Marlene realizes that an obvious KPI is her total sales. She can also break down her sales on a daily, weekly, monthly, or quarterly basis to compare with the previous year. This gives her the maximum degree of flexibility especially since her sales tend to fluctuate according to well-defined fashion seasons.
Marlene decides that a good strategy would be to do more advertising on radio and television during the coming year. To find out if the advertising is bringing customers into the store, she decides to track footfall, the number of people coming into the store. Fortunately, she tracked her traffic last year but if she didn’t, she could use the new data by correlating store traffic with the dates and times that advertising is running to see if the ads have an immediate effect.
If she notices that store traffic increases for a few days after a television ad appears, she may make more strategic choices about when to run television ads. Or she may be sure to have a special sale during the weekend following a big flood of advertising.
By tracking average customer spend, Marlene can determine how much the average customer spends during each purchase transaction. In order to increase sales, she decides to place some displays with accessories – scarves and jewelry – close to the cash registers. The strategy works and she notices that her average customer spend amount increases due to impulse purchases while customers are waiting in line.
Although her total sales KPI indicates some overall growth, Marlene is not satisfied with the progress she is making. She begins to track her conversion rate, the number of transactions throughout the day divided by the number of people who enter the store. This seems to indicate that a lot of people are coming into the store but not many are making purchases.
To combat this, she could implement a number of new strategies. Perhaps she should take a look at rotating her inventory more frequently so the styles are kept fresh. She might decide that she needs to add new merchandise. Eventually, Marlene decides to hire additional staff to take more time with the customers and help them pick out merchandise.

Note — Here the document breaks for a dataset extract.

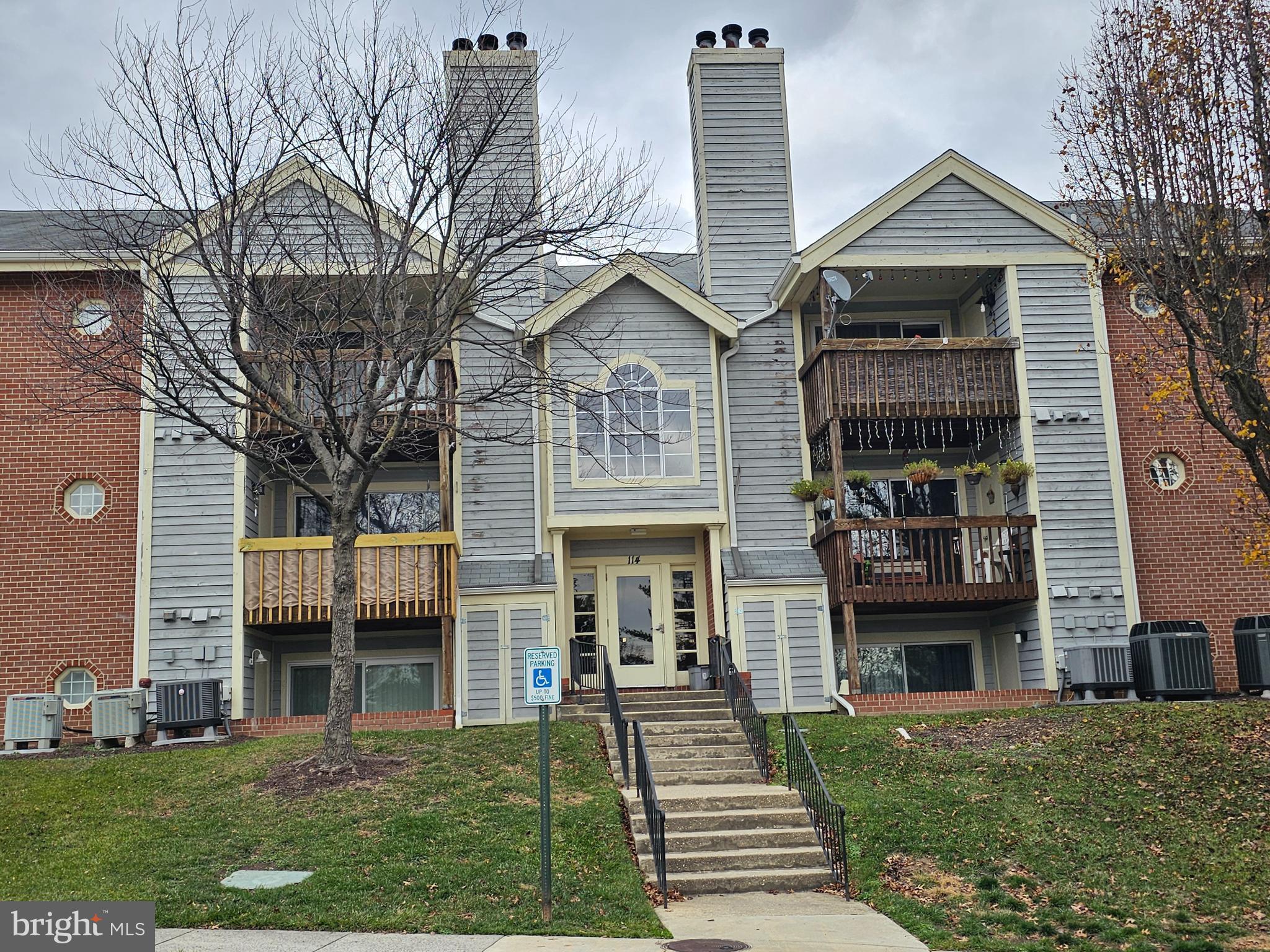 CROMWELL FOUNTAIN - Residential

To maximize the effectiveness of her new employees, she tracks shopper to staff ratio. This KPI lets Marlene determine if she has the appropriate number of employees on the sales floor to handle the volume of shoppers. Monitoring her wage costs, which is wages paid divided by the total sales will also help her monitor her costs.
As her business grows, Marlene may decide to implement different strategies or develop completely new goals for her business. These goals and strategies may necessitate new KPIs to help her determine if they are effective. As her needs change, so will her data collection requirements and so will the way she analyses that data.